Rousseff, a pragmatic leftist who studied economics in her university days, appears to be getting the message. Faced with a growing chorus of complaints from the private sector, the government has sought to sweeten the terms for upcoming infrastructure concessions.
On a trip to New York this week, Rousseff pitched her infrastructure plans to an audience of Wall Street bankers, assuring them that Brazil offers first-rate investment opportunities without legal risks.
With the nation set to host the soccer World Cup in 2014 and the Olympics in 2016, Rousseff is in a hurry to persuade the private sector to help revamp an aging transportation infrastructure. The government estimates that massive undertaking will cost 500 billion reais ($220 billion) over the next five years.
Railroads alone would require about 90 billion reais of that.
Besides the meeting in New York, Brazil has held a road show for investors in London and sent envoys to Russia and China in search of railway builders. Government officials have also met with agribusiness giants Cargill and Louis Dreyfus to see if they want to get involved in railroad concessions.
And the government has made more financing available at subsidized interest rates to reduce investors' risks.
The strategy has attracted investors for roads and airports, but not train lines.
LOSING COMPETITIVE ADVANTAGE
Sao Paulo officials were stunned last month when they failed to draw a single bid to build a badly needed new subway line for South America's largest city, which has the poorest train service among the world's major metropolises.
Then for the third time, Brazil had to postpone an auction of rights to build a 420-km (260-mile) high-speed train line linking Sao Paulo and Rio de Janeiro. Only one consortium showed up to bid for the 38-billion-real megaproject.
Where Brazil needs railroads most, however, is in its farm belt. The nation ranks first in soy and second in corn exports, but as the agricultural frontier moves inland over savanna plains leading to the Amazon basin, an unwieldy transportation system is undermining its competitive advantage.
Brazil produces soy more cheaply than the United States, but by the time the grain gets aboard a ship, it is more expensive because it must be carried by truck for days along potholed roads to congested ports.
Twelve new sections of freight lines are planned to ease Brazil's bottlenecks by opening routes for grain shipments to ports in northern Brazil. But it remains unclear who will build them.
In New York with Rousseff this week, Finance Minister Guido Mantega said the first section to be auctioned on October 18 had a fixed rate of return of 8.5 percent and that the state would guarantee cargo volumes.
That is where the problem starts, says Adriano Pires, who heads an infrastructure consulting firm in Rio de Janeiro. "You have to allow the market to establish the rate of return," he said. "It can't be fixed by the government."
Entrepreneurs have also been put off by Brazil's plan to have a state company buy and sell all cargo space. Rousseff has touted this as a guarantee that railroad operators will never lack demand for their services, but the private sector sees it as a recipe for a bureaucratic disaster.

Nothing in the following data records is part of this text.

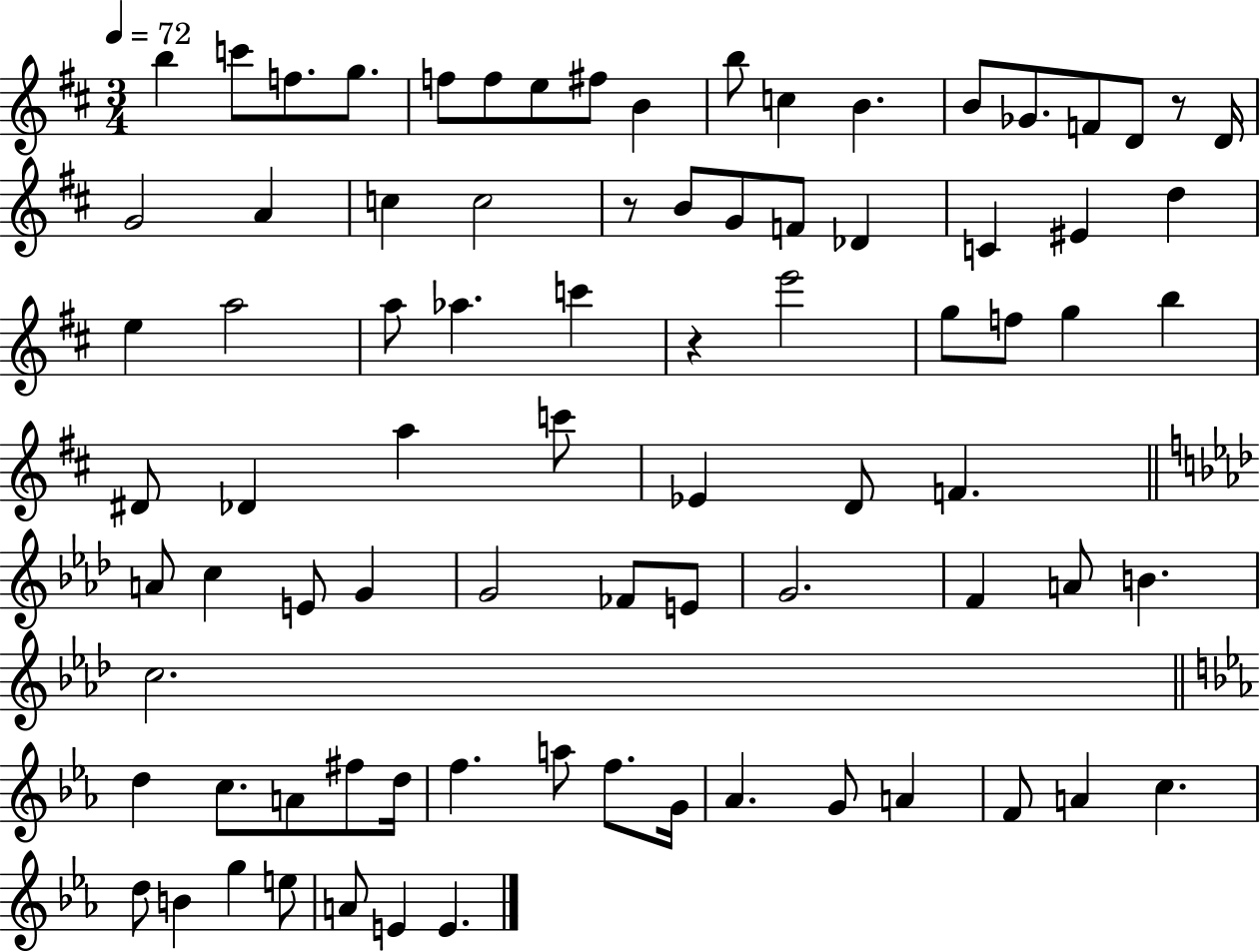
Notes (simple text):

B5/q C6/e F5/e. G5/e. F5/e F5/e E5/e F#5/e B4/q B5/e C5/q B4/q. B4/e Gb4/e. F4/e D4/e R/e D4/s G4/h A4/q C5/q C5/h R/e B4/e G4/e F4/e Db4/q C4/q EIS4/q D5/q E5/q A5/h A5/e Ab5/q. C6/q R/q E6/h G5/e F5/e G5/q B5/q D#4/e Db4/q A5/q C6/e Eb4/q D4/e F4/q. A4/e C5/q E4/e G4/q G4/h FES4/e E4/e G4/h. F4/q A4/e B4/q. C5/h. D5/q C5/e. A4/e F#5/e D5/s F5/q. A5/e F5/e. G4/s Ab4/q. G4/e A4/q F4/e A4/q C5/q. D5/e B4/q G5/q E5/e A4/e E4/q E4/q.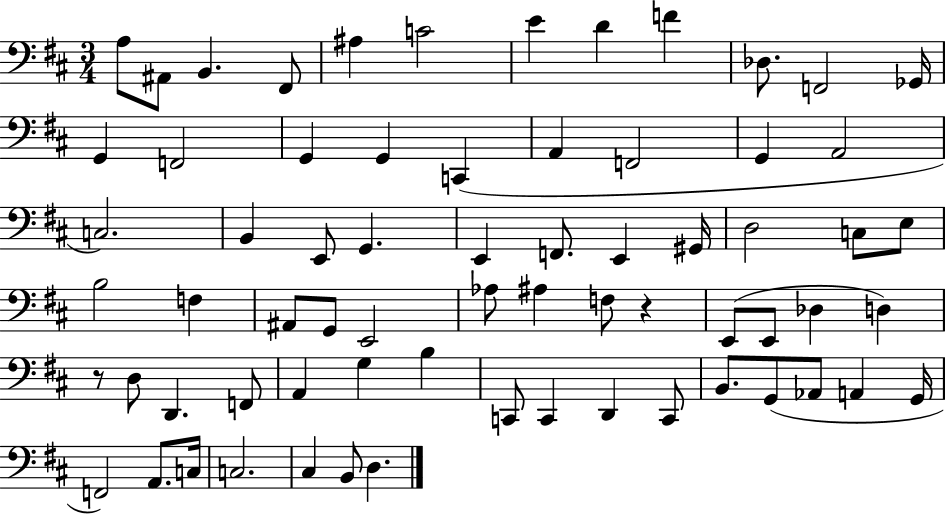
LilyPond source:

{
  \clef bass
  \numericTimeSignature
  \time 3/4
  \key d \major
  \repeat volta 2 { a8 ais,8 b,4. fis,8 | ais4 c'2 | e'4 d'4 f'4 | des8. f,2 ges,16 | \break g,4 f,2 | g,4 g,4 c,4( | a,4 f,2 | g,4 a,2 | \break c2.) | b,4 e,8 g,4. | e,4 f,8. e,4 gis,16 | d2 c8 e8 | \break b2 f4 | ais,8 g,8 e,2 | aes8 ais4 f8 r4 | e,8( e,8 des4 d4) | \break r8 d8 d,4. f,8 | a,4 g4 b4 | c,8 c,4 d,4 c,8 | b,8. g,8( aes,8 a,4 g,16 | \break f,2) a,8. c16 | c2. | cis4 b,8 d4. | } \bar "|."
}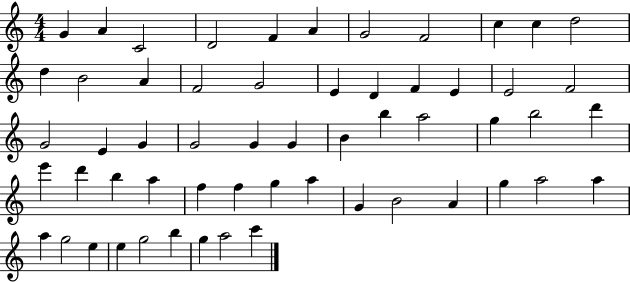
{
  \clef treble
  \numericTimeSignature
  \time 4/4
  \key c \major
  g'4 a'4 c'2 | d'2 f'4 a'4 | g'2 f'2 | c''4 c''4 d''2 | \break d''4 b'2 a'4 | f'2 g'2 | e'4 d'4 f'4 e'4 | e'2 f'2 | \break g'2 e'4 g'4 | g'2 g'4 g'4 | b'4 b''4 a''2 | g''4 b''2 d'''4 | \break e'''4 d'''4 b''4 a''4 | f''4 f''4 g''4 a''4 | g'4 b'2 a'4 | g''4 a''2 a''4 | \break a''4 g''2 e''4 | e''4 g''2 b''4 | g''4 a''2 c'''4 | \bar "|."
}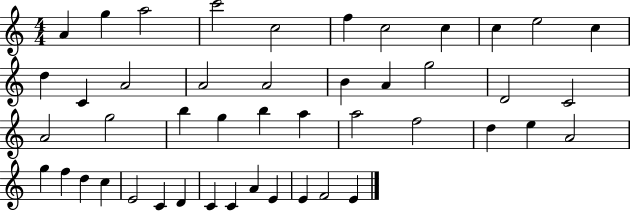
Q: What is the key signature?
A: C major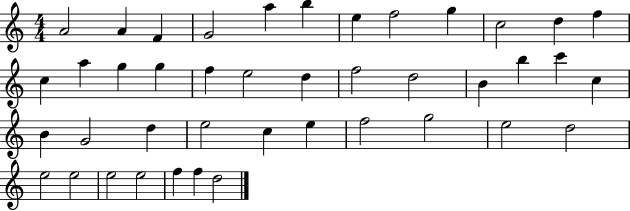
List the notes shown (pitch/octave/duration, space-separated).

A4/h A4/q F4/q G4/h A5/q B5/q E5/q F5/h G5/q C5/h D5/q F5/q C5/q A5/q G5/q G5/q F5/q E5/h D5/q F5/h D5/h B4/q B5/q C6/q C5/q B4/q G4/h D5/q E5/h C5/q E5/q F5/h G5/h E5/h D5/h E5/h E5/h E5/h E5/h F5/q F5/q D5/h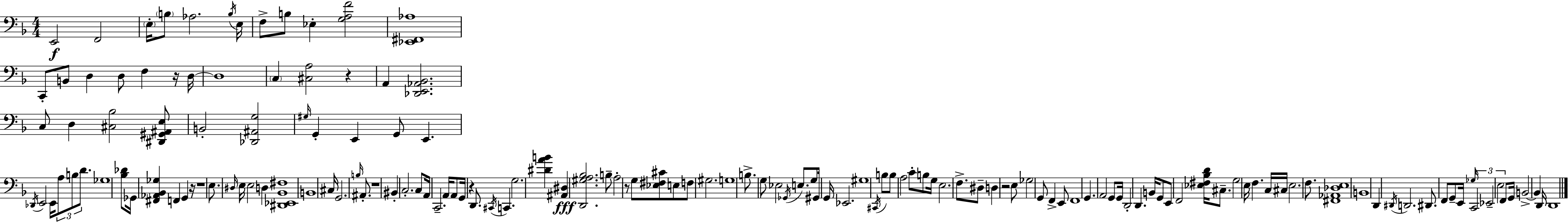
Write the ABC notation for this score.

X:1
T:Untitled
M:4/4
L:1/4
K:Dm
E,,2 F,,2 E,/4 B,/2 _A,2 B,/4 E,/4 F,/2 B,/2 _E, [G,A,F]2 [_E,,^F,,_A,]4 C,,/2 B,,/2 D, D,/2 F, z/4 D,/4 D,4 C, [^C,A,]2 z A,, [_D,,E,,_A,,_B,,]2 C,/2 D, [^C,_B,]2 [^D,,^G,,^A,,E,]/2 B,,2 [_D,,^A,,G,]2 ^G,/4 G,, E,, G,,/2 E,, _D,,/4 E,,2 E,,/4 A,/2 B,/2 D/2 _G,4 [_B,_D]/2 _G,,/4 [^F,,_A,,_B,,_G,] F,, G,, z/4 z4 E,/2 ^D,/4 E,/4 E,2 D, [^D,,_E,,_B,,^F,]4 B,,4 ^C,/4 G,,2 B,/4 ^A,,/2 z4 ^B,, C,2 C,/2 A,,/4 C,,2 A,,/4 A,,/2 G,,/4 z D,,/2 ^C,,/4 C,, G,2 [^DAB] [^A,,^D,] [D,,^G,A,_B,]2 B,/2 A,2 z/2 G,/2 [_E,^F,^C]/2 E,/2 F,/2 ^G,2 G,4 B,/2 G,/2 _E,2 _G,,/4 E,/2 G,/2 ^G,,/4 G,,/4 _E,,2 ^G,4 ^C,,/4 B,/2 B,/2 A,2 C/2 B,/2 G,/4 E,2 F,/2 ^D,/2 D, z2 E,/2 _G,2 G,,/2 F,, E,,/2 F,,4 G,, A,,2 G,,/2 G,,/4 D,,2 D,, B,,/4 G,,/2 E,,/2 F,,2 [_E,^F,_B,D]/4 ^C,/2 G,2 E,/4 F, C,/4 ^C,/4 E,2 F,/2 [^F,,_A,,_D,E,]4 B,,4 D,, ^D,,/4 D,,2 ^D,,/2 F,,/2 G,,/2 E,,/4 _G,/4 C,,2 _E,,2 E,2 F,,/2 G,,/4 B,,2 B,, D,,/4 D,,4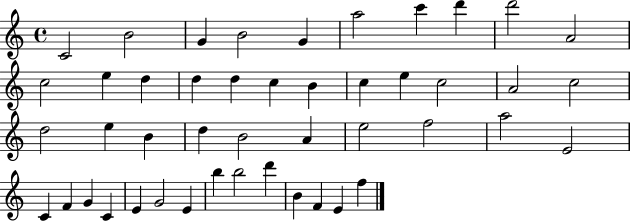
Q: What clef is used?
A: treble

"It's a government engineering office that plans and builds railroads, but they have absolutely no experience in train cargo sales," said Peter Wanke, a logistics expert at the Federal University of Rio de Janeiro's COPPEAD Business School.
Lobbyist Vilaça is pressing the government to adopt the open access system for freight trains used in the United States, where supply and demand are left to market forces, without state involvement.
Brazil's federal audit court has questioned the lack of clarity of the concession model, which may force the government to postpone the October 18 auction.